Шумел дождь, серебром сверкала сразу посвежевшая листва, воздух словно погустел от приторно-сладкого аромата цветов.

— Как же падает вода? — спросил Олег у Рыбкина, стоя рядом с ним под липой.

— Под напором, как в душе.

— И часто тут идет дождь?

— Два раза в сутки.

Теперь мальчику стало понятно, почему тут такие пышные и красивые деревья, почему быстрей созревают плоды. Человек сделал все для них — дал солнце, свет, дождь. Кроме того, деревья росли в условиях невесомости. Олег позавидовал Рыбкину: как интересно выводить тут новые сорта плодовых деревьев!..

Дождь окончился.
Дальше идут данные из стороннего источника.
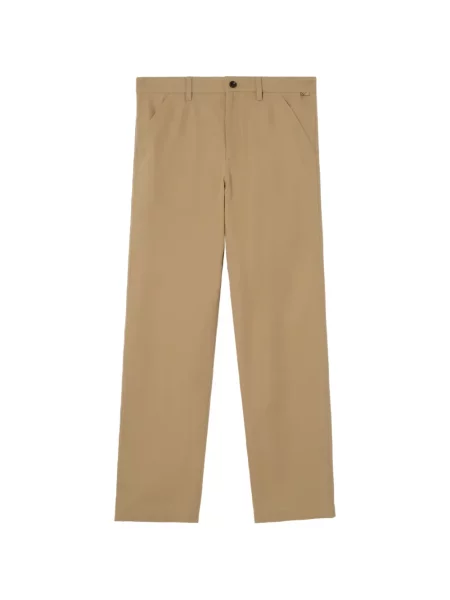 Pantaloni chino Burberry din țesătură twill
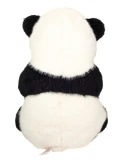 TEDDY HERMANN Maskotka Miś Pluszowy Panda siedząca 28 cm | Pan Piksel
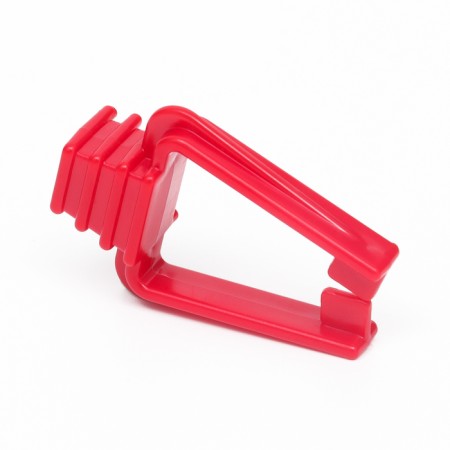 Set a holder for goodies, 4 pcs, each 5 x 3.5 cm, a mix of flowers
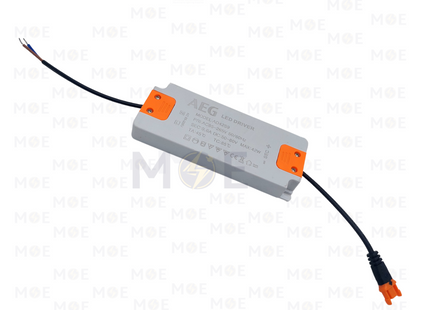 AEG LED Driver for Spot AC 85-265V DC 50-80V 600mA 42W | AD42S9 | ترانس ليد سبوت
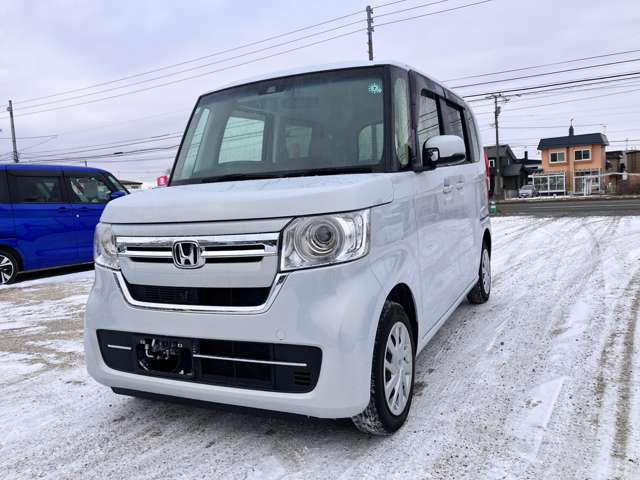 ホンダ Ｎ　ＢＯＸ カスタム ６６０ Ｌ ４ＷＤ R3年 (北海道) 99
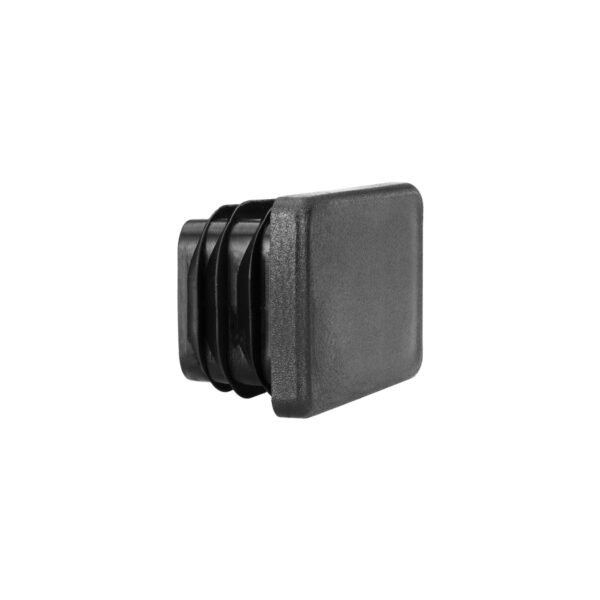 Rectangular Tube Plastic Plugs - Inner with Ribs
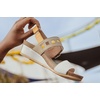 image:imageNAOT Footwear Womens Dynasty SandalSoft White LthrSoft Beige LthrMarigold Lthr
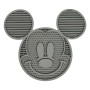 Ciotola per cani Mickey Mouse Grigio Silicone 28 x 15 x 1,5 cm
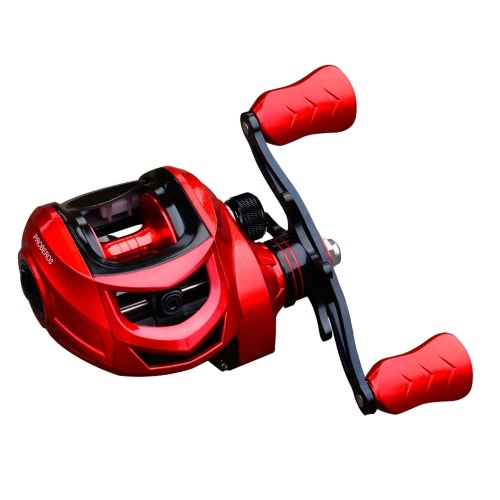 

9+1 BB Bearing Fishing Baitcast Reel High Speed 7.2:1 Fishing Reel Bait Casting 10kg Max Drag Left/Right Hand Fishing Accessory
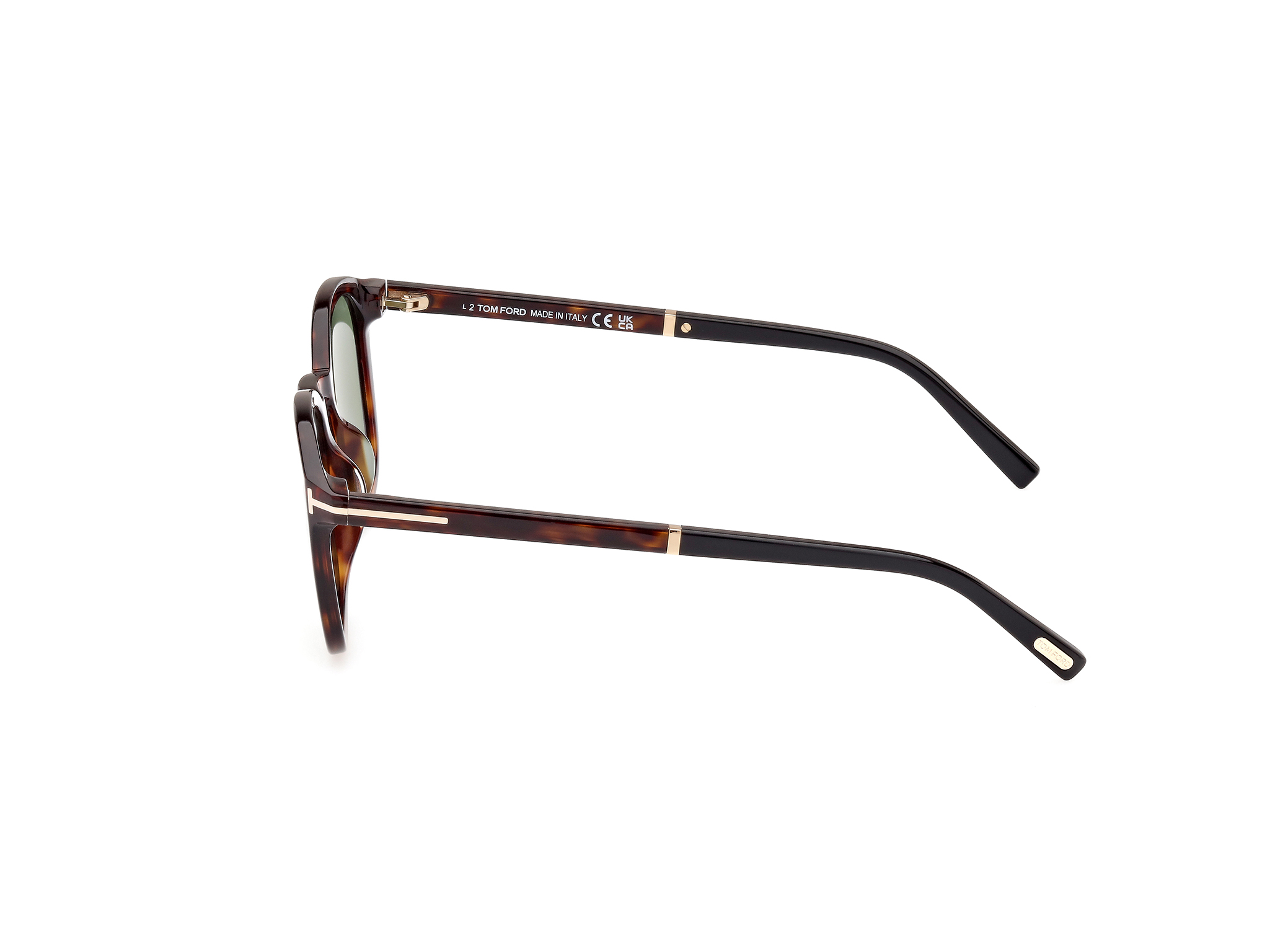 TOMFORD-1020/S 52N dark havana 52*21, Havana, hi-res image number 2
Погасла над кронами деревьев маленькая солнечная арка — радуга. И она была тут посланцем далекой Земли, счастливой улыбкой жизни.

Олег выбежал на тропинку, окропленную дождем, и хотел было запрыгать на одной ноге. Забылся парнишка, что это не Земля, — и полетел в высоту, под зеленоватый купол.

— Олег, не балуй! — строго крикнул Рыбкин, — Здесь акробатика запрещена.

Мальчик смешно размахивал руками и ногами.

— Я нечаянно, Григорий Антонович, — ответил он виновато. — Никак не привыкну.

Олег подогнул колени под живот, с силой выпростал ноги. Неудача: он поплыл еще выше, под самый купол. Руки коснулись прохладного, толстого стекла — неба оранжереи. Неподалеку торчит скоба. Не долго думая, Олег ухватился за нее рукой. Возле скобы блестит почти прозрачная рама.

— Не смотри в криницу! — долетел тревожный голос Рыбкина. — Обожжешься!

Только теперь Олег осознал опасность. Он сильно оттолкнулся от купола и стал опускаться вертикально вниз, на железную полосу тропинки.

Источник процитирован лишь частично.